Ktoś zawołał nas na kolację ale ja wolałam zostać przy Mistralu i popieścić go.
-Idziesz Air?-Zapytała Mary.
-Nie,nie...-Odpowiedziałam podejrzanie.
-Dobrze ja po kolacji idę spać.-Oznajmiła.
Zaczęłam się zastanawiać czy kupiony przeze mnie Mistral jest na prawdę wykastrowany więc zadzwoniłam po weterynarza.Weterynarz powiedział że kastracja nie została wykonana przez weterynarza więc ogier będzie nazywany wałachem ale jednak będzie wciąż skłonny do rozmnażania.Popatrzyłam na weterynarza i zadałam mu pytanie.
-A da się go jakoś "ponownie" wykastrować.
-Dało by się ale jest to ryzykowne.-Odpowiedział weterynarz.
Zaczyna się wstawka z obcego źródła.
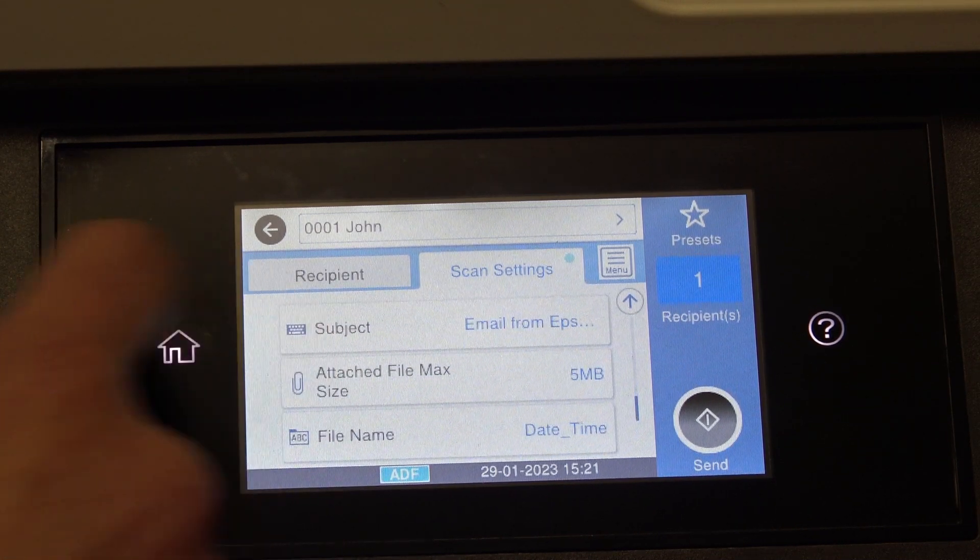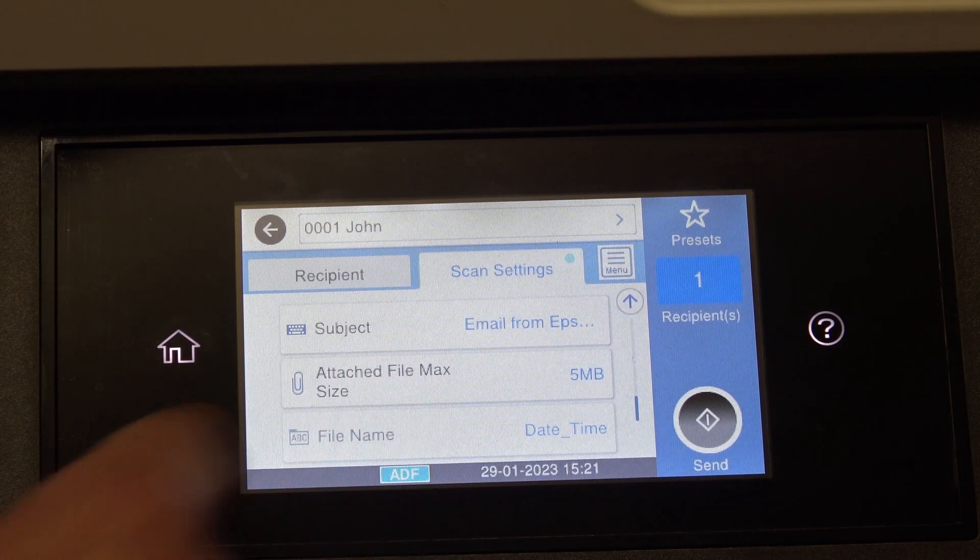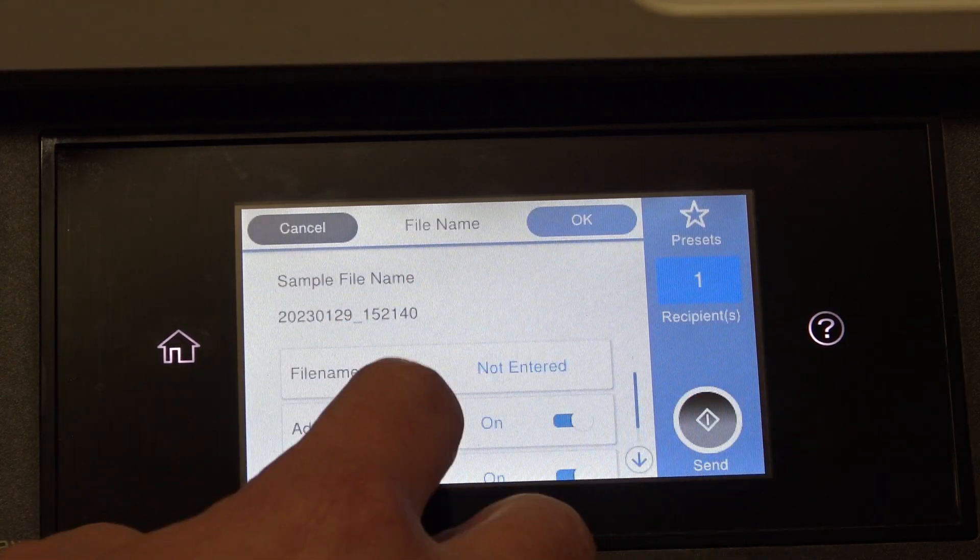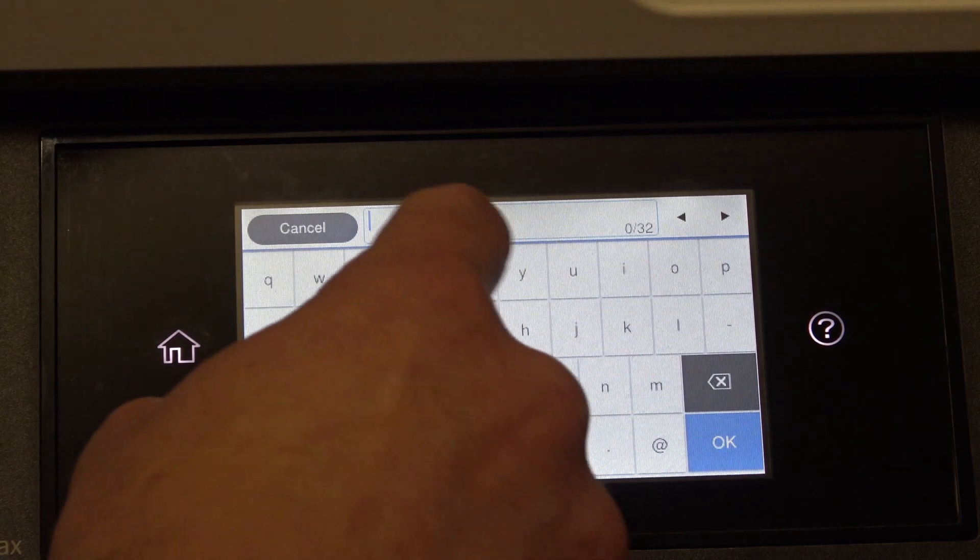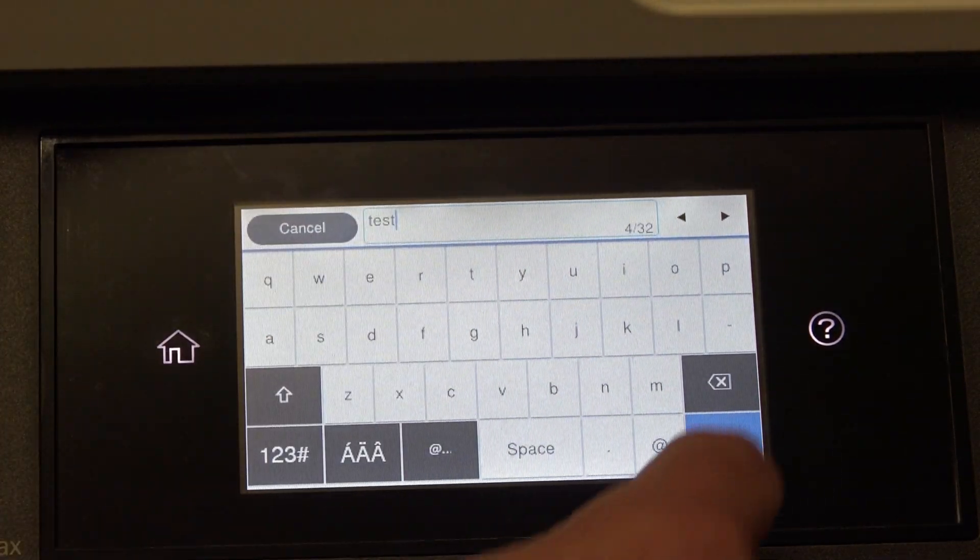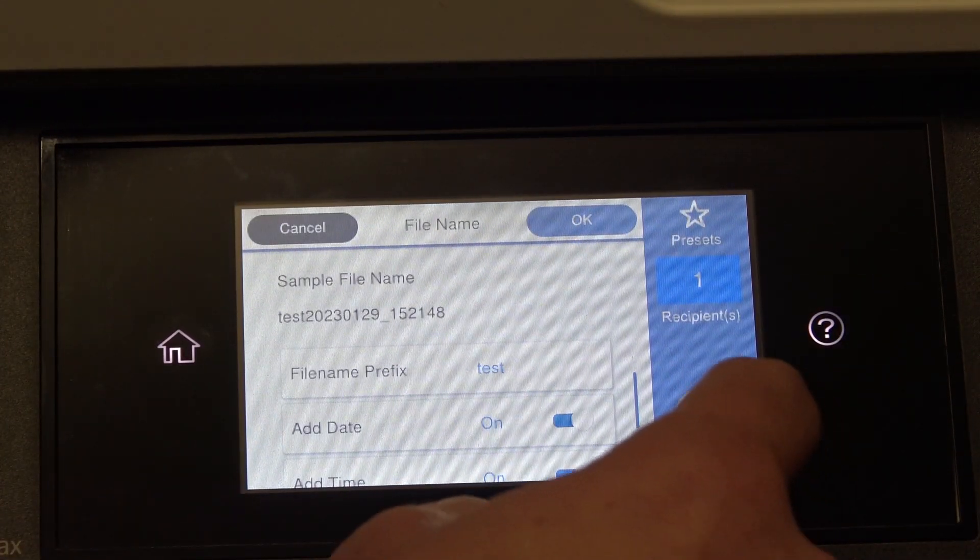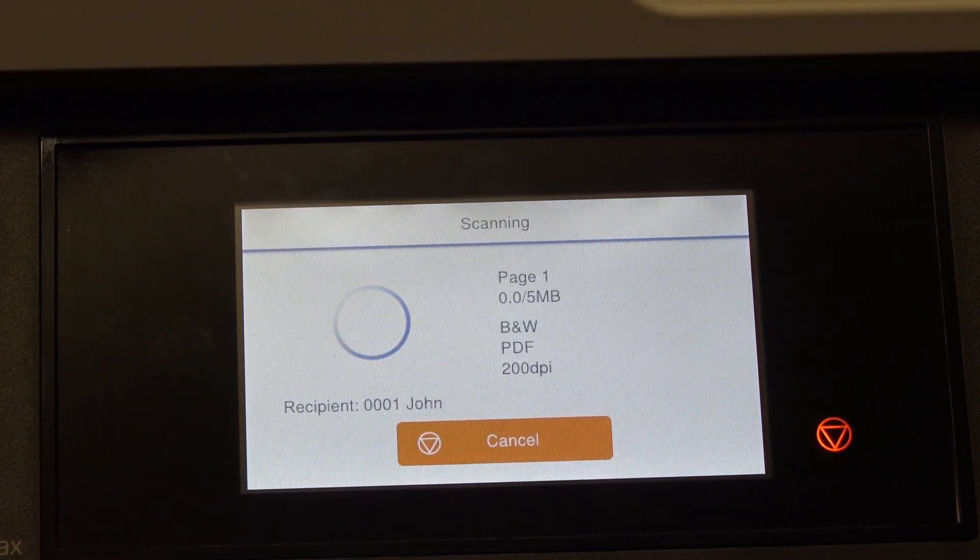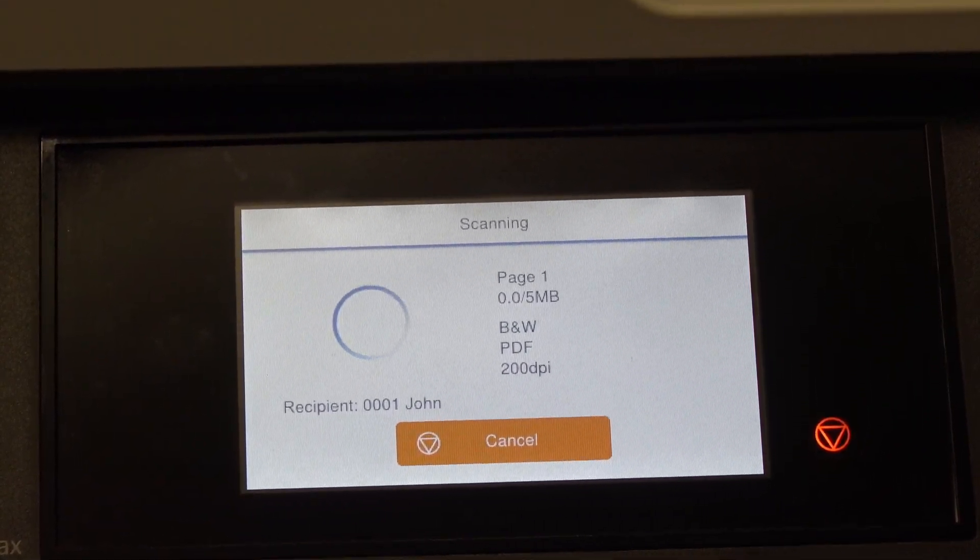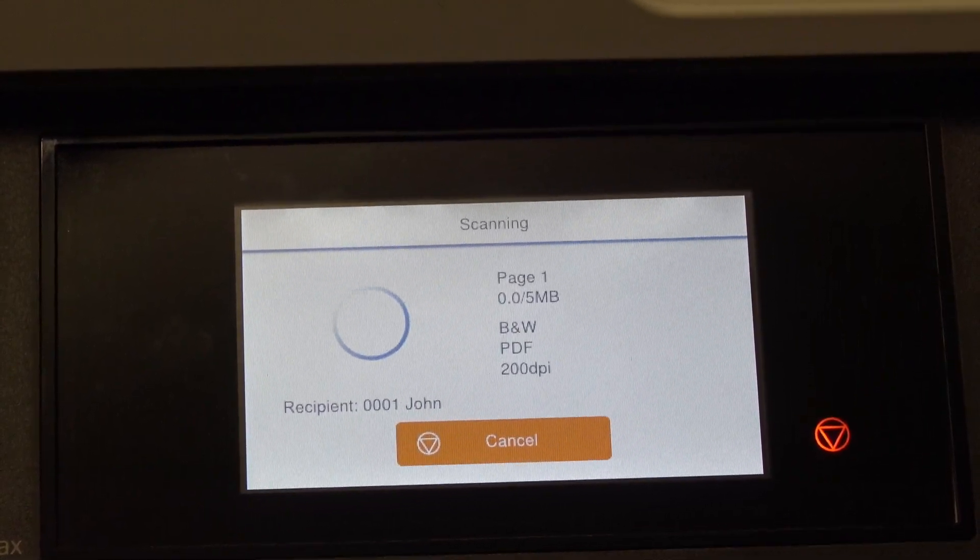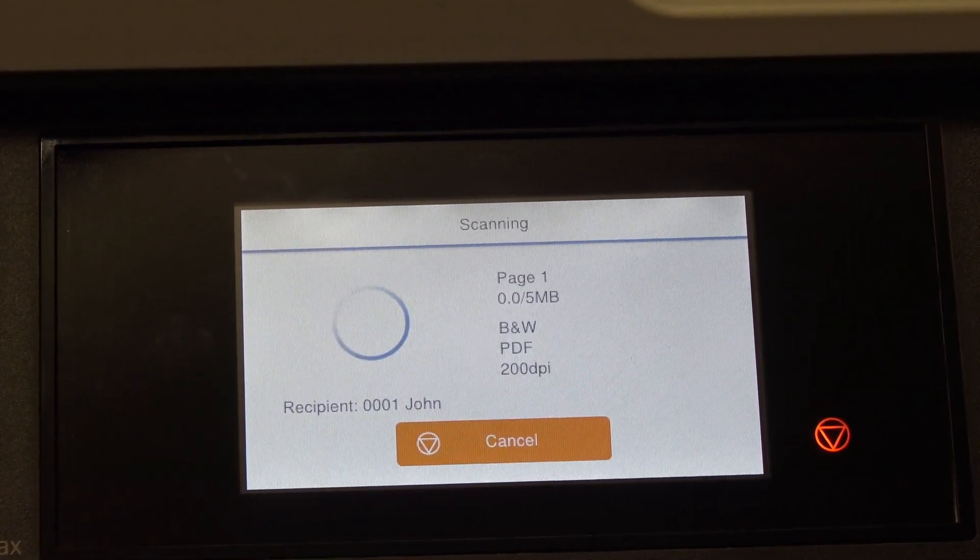you can change the name, so you can go in and give it a name basically, so you can call it whatever you like, so you can call it test if you like, so press okay, and then press send. So renaming it test means when the email comes in with the document, it is called test.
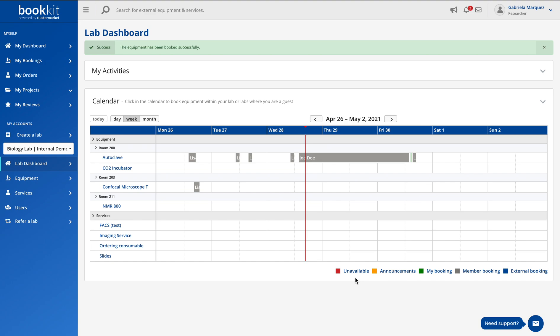You only need to make sure that you're either under the lab dashboard or if you have available equipment, also the my dashboard.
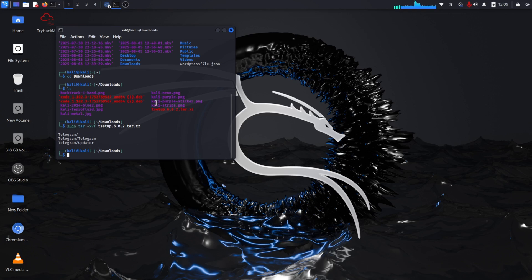You can see it in the downloads folder and in applications.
Kiedy weterynarz pojechał czułam się niekomfortowo ponieważ sprzedawca koni mnie okłamał.Poszłam po uwiąz i zaprowadziłam konia do boksu.Koń się bardzo dziwnie zachowywał ocierając się o ścianki boksu.
*Pewnie ma jakieś zaloty*-Pomyślałam.
Późno poszłam spać i wstałam o 8:00 wraz kiedy zadzwonił budzik.Ubrałam się i nagle ktoś zapukał.
-Hej Air.-Przywitała mnie Mary.
-Cześć miło się widzieć.-Odpowiedziałam.
-Widziałam jak wieczorem przyjechał weterynarz do twojego konia.Co się stało?-Spytała Mary.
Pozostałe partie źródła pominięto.